- Born: 1638 Paris, France
- Died: 11 April 1706 (aged 67–68) Montreal, Canada
- Known for: missionary

= Michel Barthélemy =

French missionary (1638–1706)

Michel Barthélemy (1638 - 11 April 1706) was born in France, became a Sulpician priest and came to New France in 1665. He was sent as a missionary to the Algonquins with François Dollier de Casson to learn their language and study their way of life.

By 1672, Barthélemy had joined François de Salignac de la Mothe-Fénelon and Claude Trouvé in a mission to the Iroquois on the north shore of Lake Ontario. Because of difficulties, this mission was abandoned after the death of François de Salignac.
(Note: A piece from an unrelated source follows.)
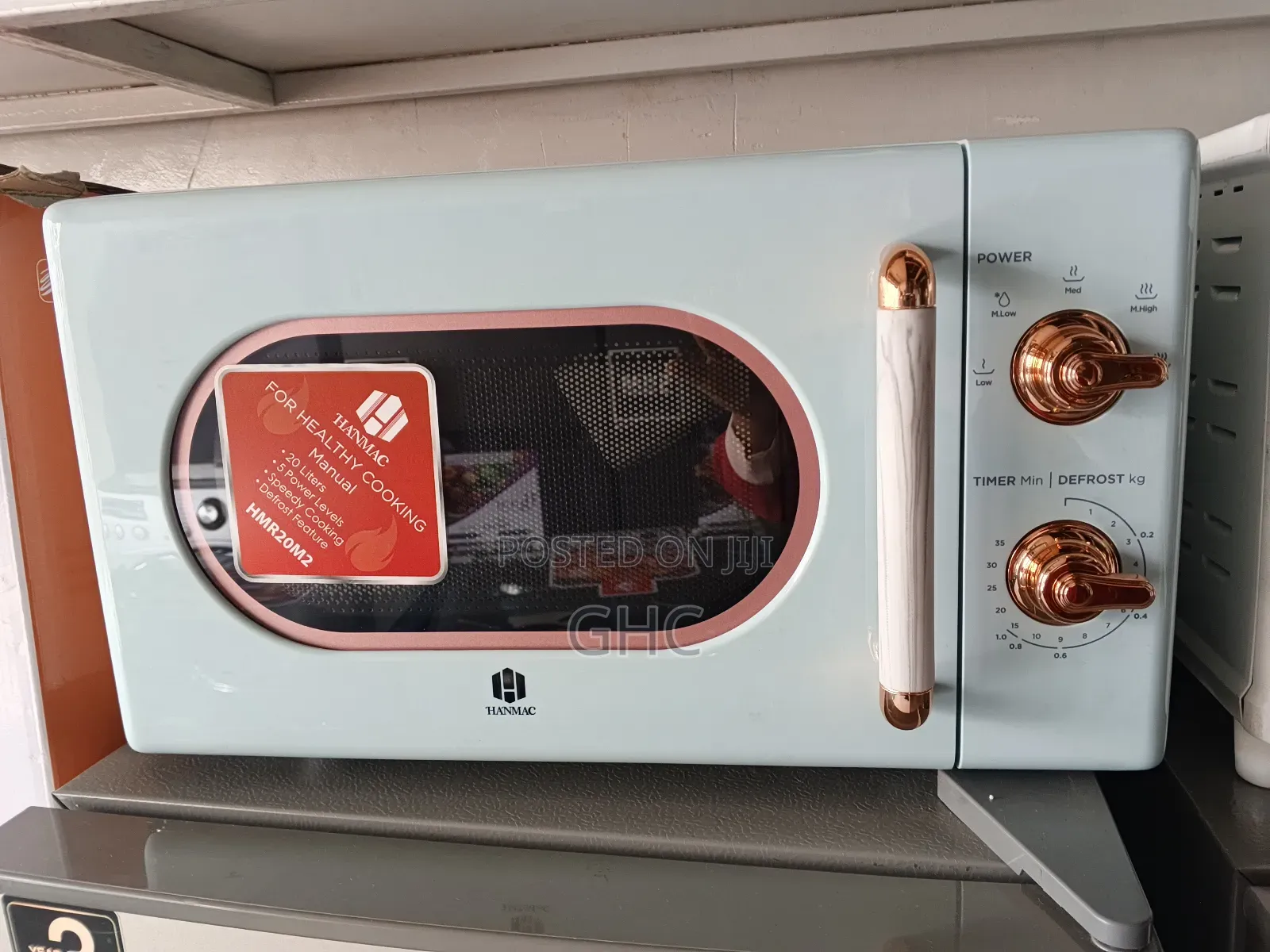 Most Stylish Microwave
Michel went to the Iroquois mission of La Montagne for a short time and replaced Father Bailly as school-master. His next move was to Ville-Marie where he was able to continue his mission to the Algonquins. He promoted the mission in many ways and, thanks to his support and interest, the mission of Île aux Tourtres was founded in 1703 by M. de Breslay, parish priest of the mission St-Louis, in Baie d'Urfé.

M. de Breslay succeeded to curé Francois Lascaris d'Urfé and first moved the mission to Isle aux tourtes, for the Indians Nipissings. Then after an accident where he broke his leg, he invoke Ste-Anne if he were to survive, which he did. So he founded the parish of Ste-Anne-du-bout-de-l'Isle, at the western end of Montreal island.